Once a pleasure dome to Roman emperors and now Italy's most glamorous seaside getaway, Capri (pronounced with an accent on the first syllable) is a craggy island at the southern end to the bay.
Unlike the other islands in the Bay of Naples, Capri is not of volcanic origin; it may be a continuation of the limestone Sorrentine peninsula.
Limestone caves on Capri have yielded rich prehistoric and Neolithic finds. The island is thought to have been settled by Greeks from Cumae in the sixth century BC and later by other Greeks from Neapolis, but it was the Romans in the early imperial period who really left their mark. Emperor Augustus vacationed here; Tiberius built a dozen villas around the island, and, in later years, he refused to return to Rome, even when he was near death. Capri was one of the strongholds of the 16th-century pirate Barbarossa, who first sacked it and then made it a fortress.
In 1806 the British wanted to turn the island into another Gibraltar and were beginning to build fortifications until the French took it away from them in 1808. Over the next century, from the opening of its first hotel in 1826, Capri saw an influx of visitors that reads like a Who's Who of literature and politics, especially in the early decades of the 20th century.
From Capri Town, the 45 minute hike east to Villa Jovis, the grandest of those built by Tiberius, is strenous but rewarding. Follow the signs for Villa Jovis, taking Via Le Botteghe from the Piazzetta, then continuing along Bia Croce and Via Tiberio. At the end of a lane that climbs the steep hill, with pretty views all the way, you come to the precipice over which the emperor reputedly disposed of the victims of his perverse attentions. From a natural terrace above, near a chapel, are spectacular views of the entire Bay of Naples and, on clear days, part of the Gulf of Salerno.
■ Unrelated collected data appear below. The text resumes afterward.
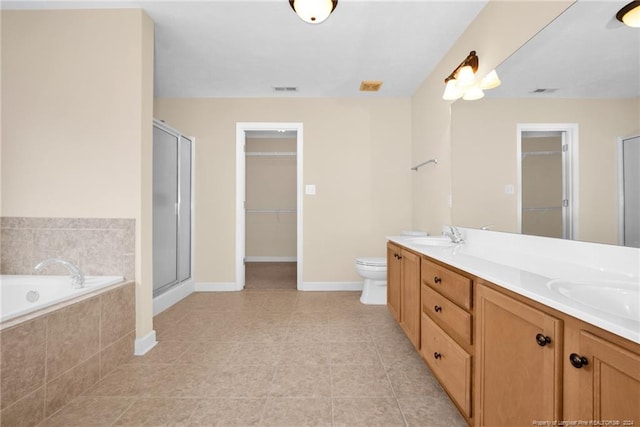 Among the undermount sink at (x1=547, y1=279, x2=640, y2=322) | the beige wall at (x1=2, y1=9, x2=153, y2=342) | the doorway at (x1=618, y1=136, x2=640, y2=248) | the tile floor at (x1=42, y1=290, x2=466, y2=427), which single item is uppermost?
the beige wall at (x1=2, y1=9, x2=153, y2=342)

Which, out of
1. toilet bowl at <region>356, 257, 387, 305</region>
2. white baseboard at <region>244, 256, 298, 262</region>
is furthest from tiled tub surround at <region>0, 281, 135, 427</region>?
white baseboard at <region>244, 256, 298, 262</region>

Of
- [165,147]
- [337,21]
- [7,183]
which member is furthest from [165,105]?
[337,21]

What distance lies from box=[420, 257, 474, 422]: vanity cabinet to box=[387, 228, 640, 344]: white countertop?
3.5 inches

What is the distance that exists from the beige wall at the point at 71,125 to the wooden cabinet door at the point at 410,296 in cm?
183

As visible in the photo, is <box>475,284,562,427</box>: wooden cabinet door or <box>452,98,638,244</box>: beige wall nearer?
<box>475,284,562,427</box>: wooden cabinet door

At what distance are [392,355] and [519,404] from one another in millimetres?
1092

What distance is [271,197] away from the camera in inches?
220

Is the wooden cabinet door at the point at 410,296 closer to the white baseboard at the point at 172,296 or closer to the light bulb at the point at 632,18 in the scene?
the light bulb at the point at 632,18

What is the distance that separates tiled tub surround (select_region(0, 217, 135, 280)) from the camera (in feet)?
6.21

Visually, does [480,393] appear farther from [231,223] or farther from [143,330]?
[231,223]

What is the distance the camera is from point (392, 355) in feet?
6.23

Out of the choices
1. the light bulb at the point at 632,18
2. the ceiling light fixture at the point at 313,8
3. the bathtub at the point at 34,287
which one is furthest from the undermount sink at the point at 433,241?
the bathtub at the point at 34,287

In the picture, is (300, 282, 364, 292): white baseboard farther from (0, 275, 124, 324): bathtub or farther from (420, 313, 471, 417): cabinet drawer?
(0, 275, 124, 324): bathtub

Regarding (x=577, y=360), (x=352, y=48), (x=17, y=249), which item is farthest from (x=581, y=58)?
(x=17, y=249) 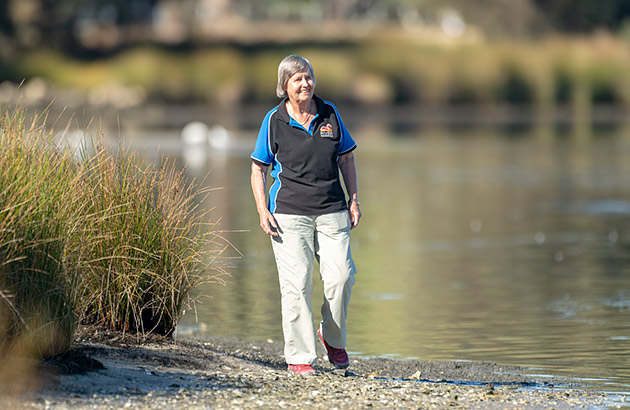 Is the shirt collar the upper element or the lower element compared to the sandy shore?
upper

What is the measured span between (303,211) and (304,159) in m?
0.34

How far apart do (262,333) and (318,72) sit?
1823 inches

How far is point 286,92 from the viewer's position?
825 cm

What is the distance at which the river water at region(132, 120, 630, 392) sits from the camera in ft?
33.0

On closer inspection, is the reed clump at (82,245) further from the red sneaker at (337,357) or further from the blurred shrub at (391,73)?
the blurred shrub at (391,73)

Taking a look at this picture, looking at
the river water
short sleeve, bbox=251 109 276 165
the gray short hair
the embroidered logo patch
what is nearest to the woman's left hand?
the embroidered logo patch

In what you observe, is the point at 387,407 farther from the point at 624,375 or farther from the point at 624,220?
the point at 624,220

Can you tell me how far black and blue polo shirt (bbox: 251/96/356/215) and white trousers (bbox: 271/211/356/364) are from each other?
0.27ft

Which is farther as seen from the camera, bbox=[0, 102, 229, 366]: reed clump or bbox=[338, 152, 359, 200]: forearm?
bbox=[338, 152, 359, 200]: forearm

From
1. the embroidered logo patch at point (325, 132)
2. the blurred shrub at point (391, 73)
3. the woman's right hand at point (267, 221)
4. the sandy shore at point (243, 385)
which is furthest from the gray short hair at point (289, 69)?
the blurred shrub at point (391, 73)

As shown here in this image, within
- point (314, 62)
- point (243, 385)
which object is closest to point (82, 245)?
point (243, 385)

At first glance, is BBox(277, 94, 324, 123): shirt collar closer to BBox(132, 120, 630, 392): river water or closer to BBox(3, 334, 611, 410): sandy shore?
BBox(3, 334, 611, 410): sandy shore

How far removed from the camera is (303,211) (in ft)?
26.6

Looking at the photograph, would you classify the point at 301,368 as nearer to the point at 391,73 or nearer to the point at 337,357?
the point at 337,357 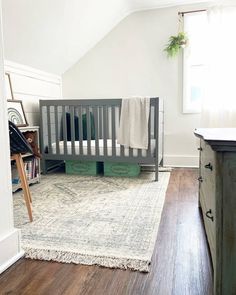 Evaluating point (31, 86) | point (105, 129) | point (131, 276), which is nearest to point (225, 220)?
point (131, 276)

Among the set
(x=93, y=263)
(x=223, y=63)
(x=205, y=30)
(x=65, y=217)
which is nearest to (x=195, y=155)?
(x=223, y=63)

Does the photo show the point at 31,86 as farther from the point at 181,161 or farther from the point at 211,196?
the point at 211,196

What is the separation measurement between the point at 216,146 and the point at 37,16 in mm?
2406

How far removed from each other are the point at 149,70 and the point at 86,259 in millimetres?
3019

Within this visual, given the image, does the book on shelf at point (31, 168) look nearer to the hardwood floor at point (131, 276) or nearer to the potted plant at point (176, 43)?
the hardwood floor at point (131, 276)

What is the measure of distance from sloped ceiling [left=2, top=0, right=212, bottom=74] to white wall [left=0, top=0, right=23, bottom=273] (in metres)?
1.35

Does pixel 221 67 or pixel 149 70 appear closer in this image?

Here starts the footpath around the some what neglected ruins of Tiberius's palace.
Giardini di Augusto
From the terraces of Giardini di Augusto, a beatifully planted public garden with excellent views, you can see the village of Marina Piccola below and admire the steep and winding Via Krupp, actually a staircase cut into the rock. Friedrich Krupp, the German arms manufacturer, loved Capri and became one of the island's most generous benefactors.
Only when the Grotta Azzurra was 'discovered' in 1826 by the Polish poet August Kopisch and Swiss artist Ernest Fries, did Capri become a tourist haven. The watery cave's blue beauty became a symbol of the return to nature and revolt from reason that marked the Romantic era, and it soon became a required stop on the Grand Tour. Infact, the grotto had long been a local landmark. During the Roman era - as testified by the extensive reamins, primarily below sea level, and several large statues now at the Certosa di San Giacomo - it had been the elegant, mosaic-decorated nymphaeum of the adjoining villa of Gradola. Historians can't quite agree if it was simply a lovely little pavilion where rich patricians would cool themselves or truly a religious site where sacred mysteries were practiced. The water's extraordinary saphire color is caused by a hidden opening in the rock that refracts the light. At highest illumination the very air inside seems tinted blue.